1. Locations

Yakfolk Village

The Yakfolk of the High Plateau

A peaceful, ancient people shaped by isolation, survival, and harmony with nature.


🌄 Origins Lost to Time

No yakfolk alive today knows how their ancestors first reached the Hidden Plateau.
Their stories describe:

  • A wandering tribe guided by sky-spirits,

  • An exodus from deeper mountains,

  • Or a forgotten migration from lands no longer remembered.

Their earliest written glyphs—carved into wind-smoothed stone—date back nearly 700 years, but even those refer to earlier ages now lost.

To the yakfolk, origins matter less than endurance.
They are here because the plateau welcomed them, and because they adapted to its hardship.

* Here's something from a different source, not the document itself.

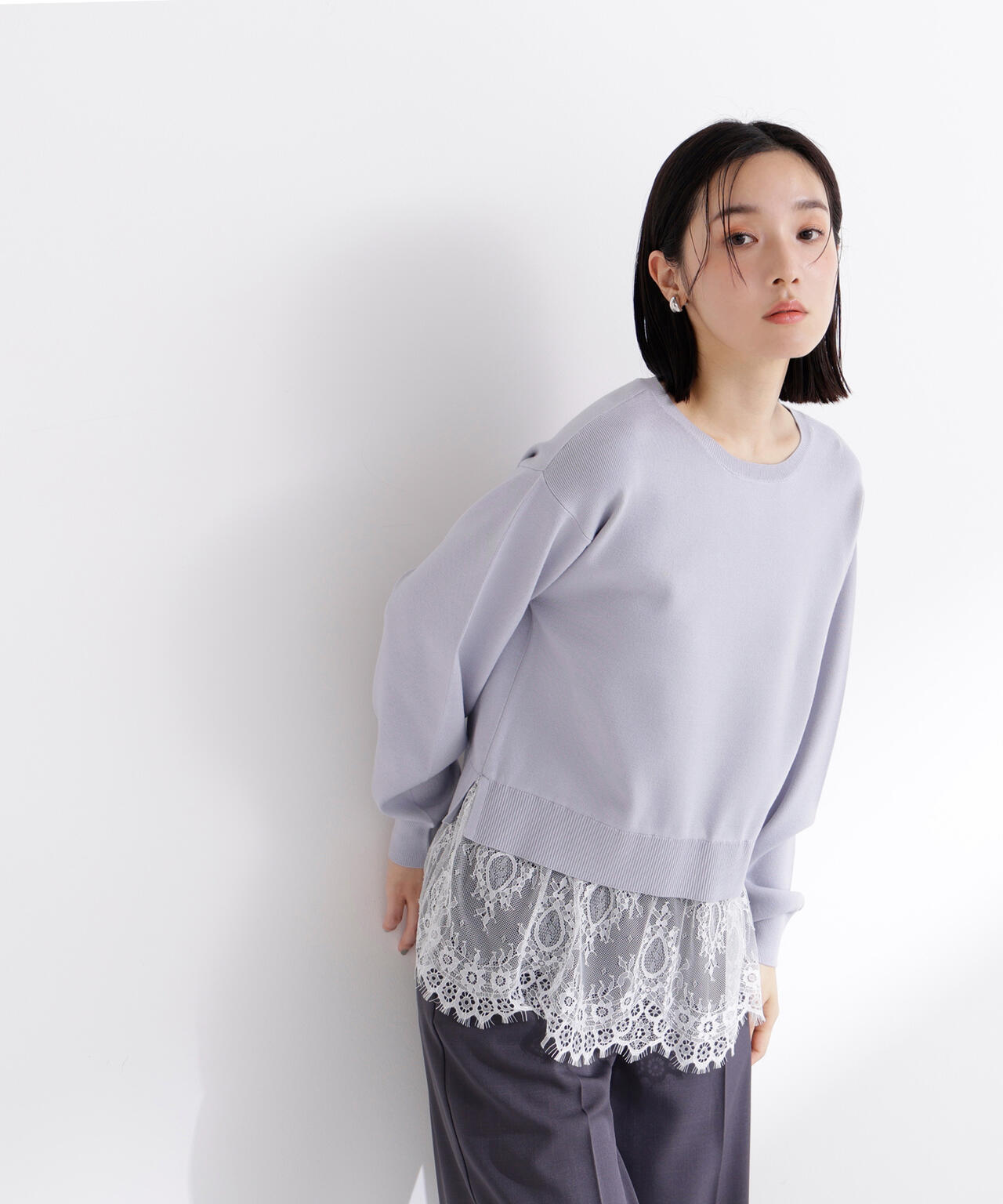 レースドッキングニット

Lifespan and Family Structure

Yakfolk live up to 200 years.
A typical yakfolk couples only produces one child in their lifetime, and this is seen as the proper balance:

  • Too many births could strain the land

  • Too few could endanger the people

Because of this:

The entire village raises each child.

There is no concept of “my child”—only our children.

Any adult may:

  • Teach

  • Discipline

  • Mentor

  • Care for

  • Train

Every youth, regardless of parentage, grows up feeling guided and supported by hundreds.


🤝 Collective Identity

Unlike many humanoid societies, the yakfolk don’t see themselves as individuals first.

They say:

“One voice speaks. Many hearts listen.”

Individuals have names, personalities, and opinions, but there is a deep cultural focus on unity.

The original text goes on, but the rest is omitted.